From ChatGPT Prompts to Audio Classification: A Creative Journey in Sound

In the realm of artificial intelligence, where machines mimic human intelligence, audio models hold a unique place. They listen, analyze, and interpret sounds, unlocking a world of possibilities from speech recognition to music generation. But training these models requires a diverse dataset, and that’s where Shakhizat Nurgaliyev’s project shines.

Shaping Sounds with Generative Models: A New Approach

Traditionally, creating a dataset for audio models involves meticulous microphone setup, capturing lengthy audio sequences, and painstaking manual data cleaning. Nurgaliyev’s project takes a novel approach, eliminating the need for this laborious process. Instead, he harnesses the power of generative models, which create synthetic data from scratch.

ChatGPT: The Master of Audio Prompts

Nurgaliyev turned to ChatGPT, the remarkable language model, to craft a series of audio descriptions. With a simple prompt, he prompted ChatGPT to generate 300 detailed descriptions, covering three distinct audio classes: speech, music, and background noise. These descriptions became the foundation for the synthetic dataset.

NVIDIA and Meta Join Forces: Generating Sounds from Descriptions

To transform these descriptions into actual sounds, Nurgaliyev employed the NVIDIA Jetson AGX Orin Developer Kit and Meta’s AudioCraft model. This powerful combination enabled the generation of sound snippets that accurately reflected the audio descriptions provided by ChatGPT.

Edge Impulse: A Platform for Audio Classification

With the synthetic dataset in hand, Nurgaliyev turned to Edge Impulse, a platform dedicated to developing machine learning models for embedded devices. He created an audio classification project, uploaded the generated samples, and designed an Impulse using the MFE audio block and a Keras classifier model.

iRobota: The Gateway to Audio Classification in the Real World

To bring the audio classification model into the physical world, Nurgaliyev built an iRobota library and loaded it onto an iRobota GIGA R1 WiFi board. A simple sketch was written to continuously listen for audio data, perform classification, and display the label on the GIGA R1’s Display Shield screen.

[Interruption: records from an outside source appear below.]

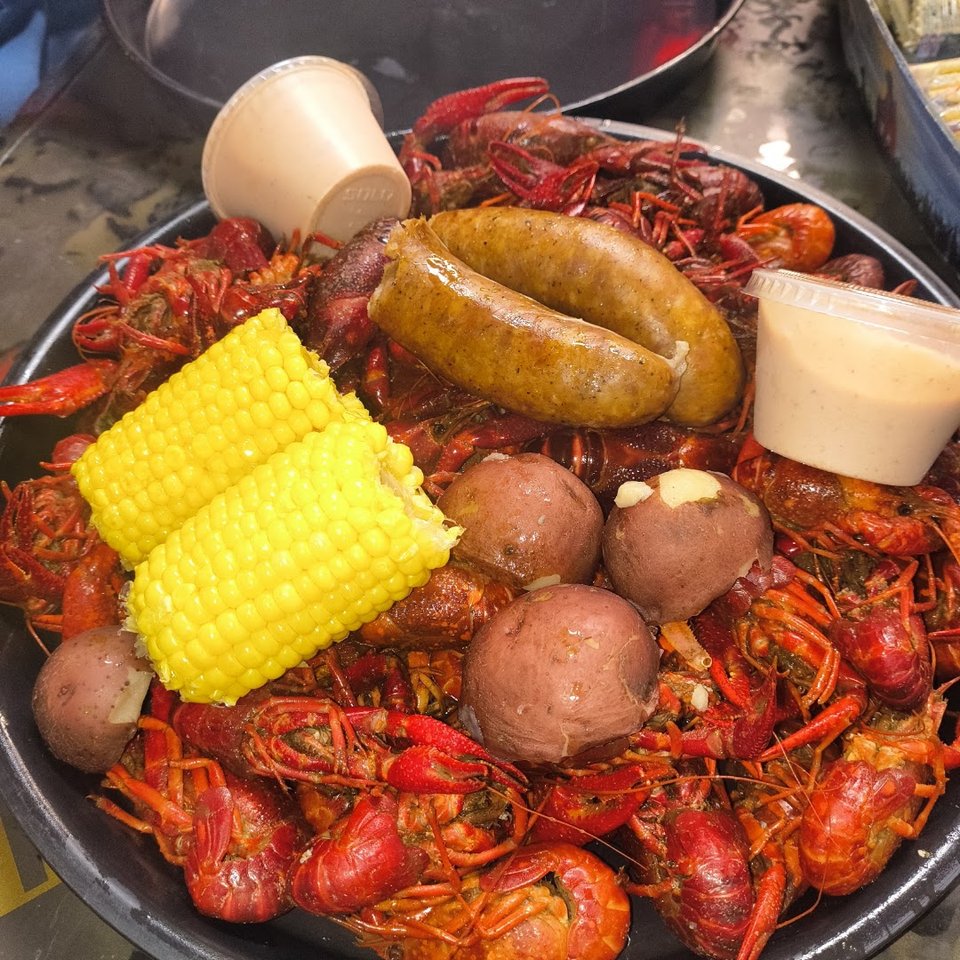 Fried seafood and sides served on white plates.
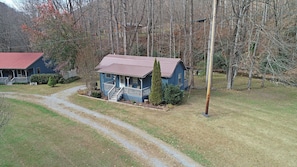 A blue house with a red roof, surrounded by a grassy yard and trees. - Bear Kottage Creekside Cabin (Bryson City)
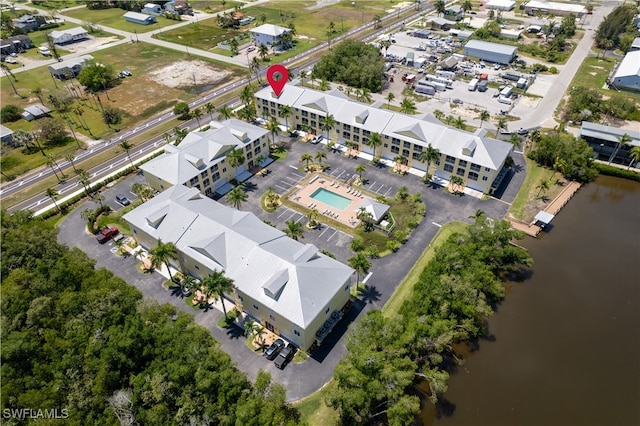 birds eye view of property with a water view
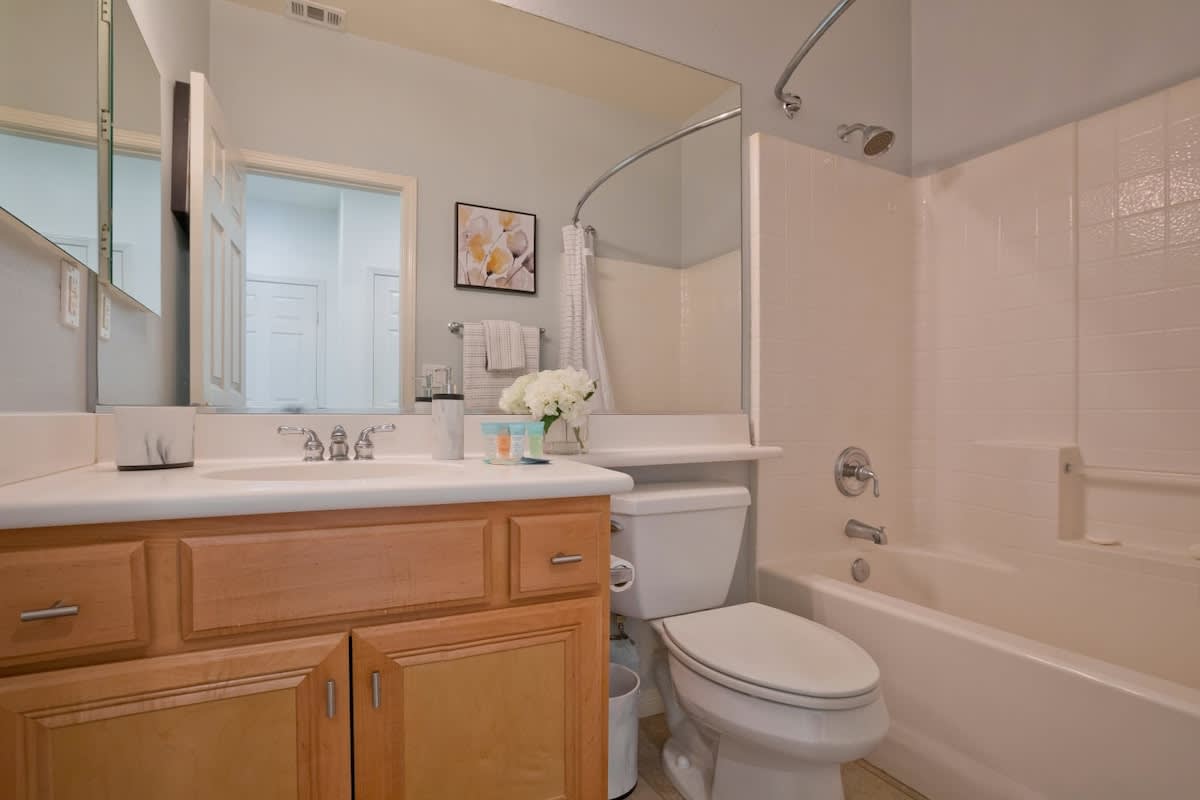Hall bathroom with tub/shower, next to the bunk room.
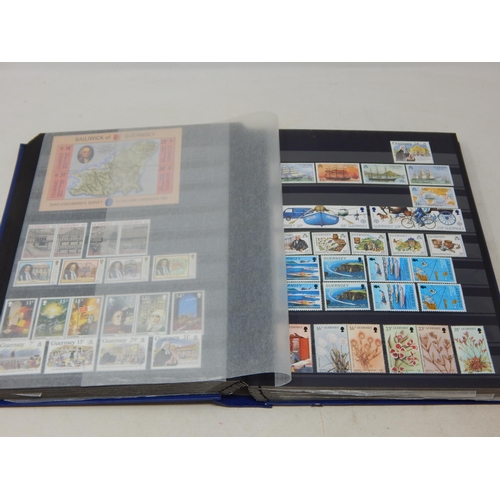 793 - A large album full of Channel Island stamps. Mainly mint.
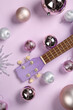 © Pixel-Shot - Composition with ukulele and beautiful Christmas decorations on lilac background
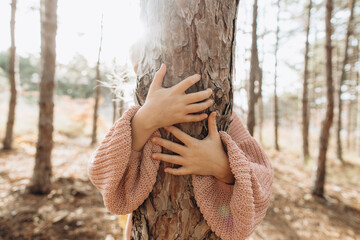Girl hugging tree trunk in forest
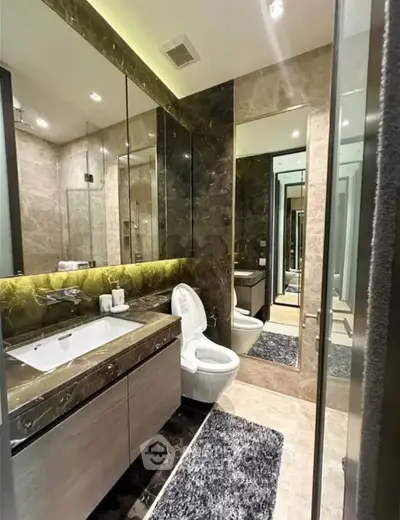Luxurious modern bathroom with elegant marble finishes and sleek fixtures.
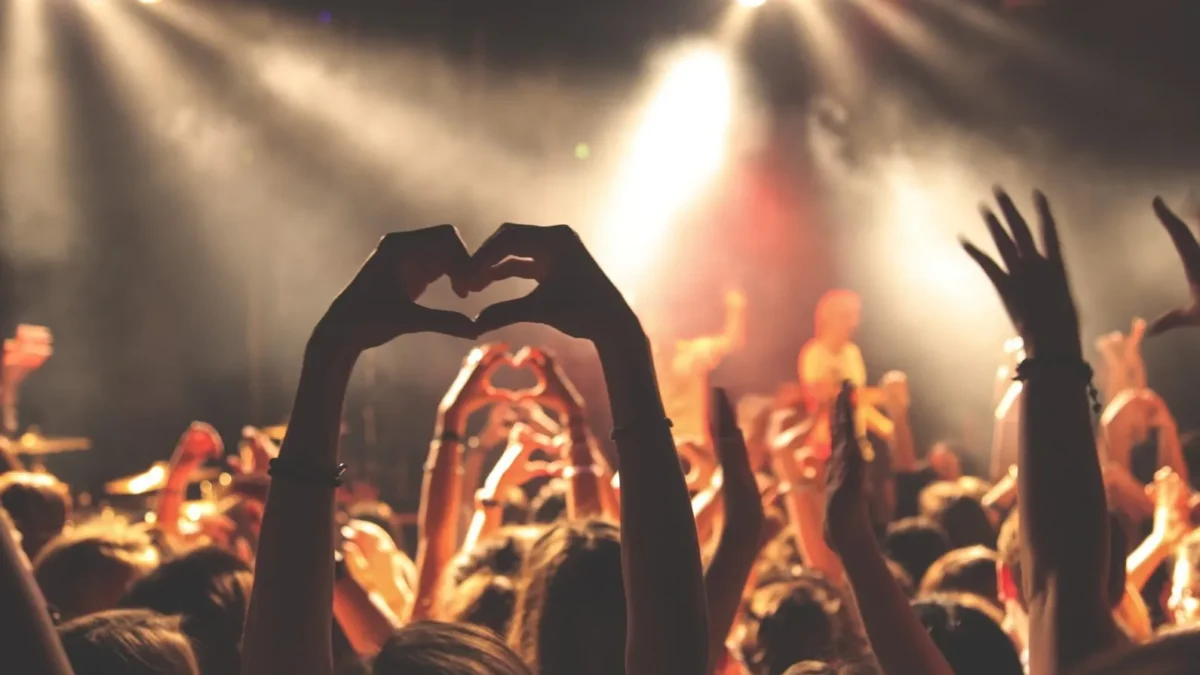 Crowd at a concert with hands forming a heart shape against bright stage lights.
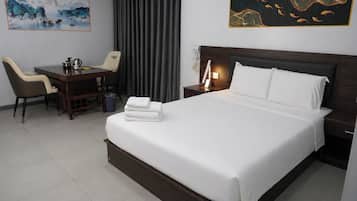 Premium bedding, desk, laptop workspace, free WiFi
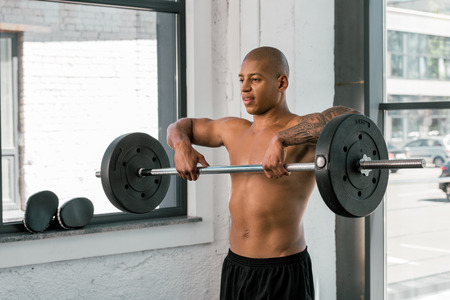 handsome young african american sportsman lifting barbell in gym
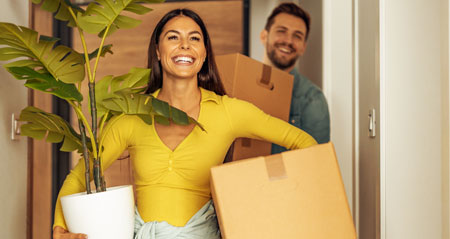 young couple moving into new home needing transfer energy
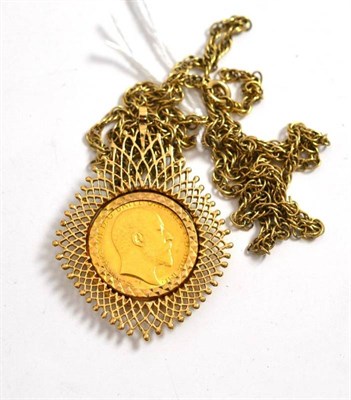 Lot 128 - A 1/2 sovereign loose set as a pendant in a 9ct gold mount with gilt chain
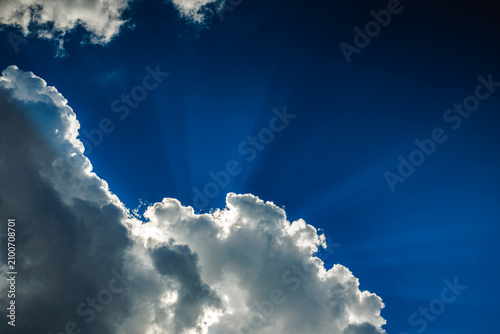 Dramatic blue sky with sun rays shining through fluffy white clouds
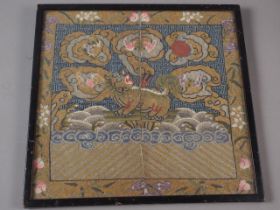 An antique Chinese embroidered Mandarin rank badge, 11" x 10 1/2", in ebonised strip frame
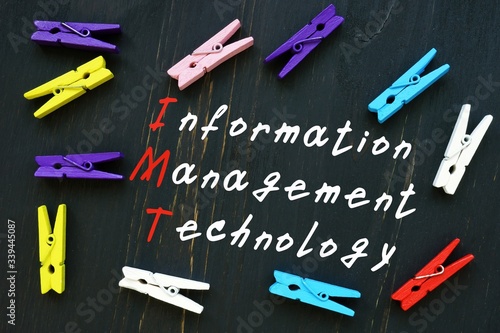 The caption in the picture is Information Management Technology IMT. Notebook sheet, table, pens. photo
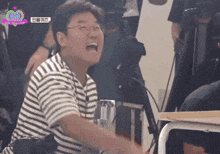 a man wearing glasses and a striped shirt is laughing in front of a camera with a pink heart on it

Hackster.io: Sharing the Journey

Nurgaliyev’s project is meticulously documented on Hackster.io, a vibrant community for hardware enthusiasts. The write-up provides comprehensive details, allowing others to replicate and extend his work.

Bonus: The Art of Audio Manipulation

Nurgaliyev’s project opens up exciting possibilities for audio manipulation. Generative models can create unique and diverse soundscapes, blurring the line between reality and imagination. From creating personalized soundtracks to designing immersive soundscapes for virtual reality, the potential is limitless.

Nurgaliyev’s project is a testament to the power of creativity and innovation in the field of artificial intelligence. By combining ChatGPT’s language generation capabilities with generative audio models, he has crafted a novel approach to audio dataset creation. This opens up new avenues for research and development in the realm of audio classification and beyond.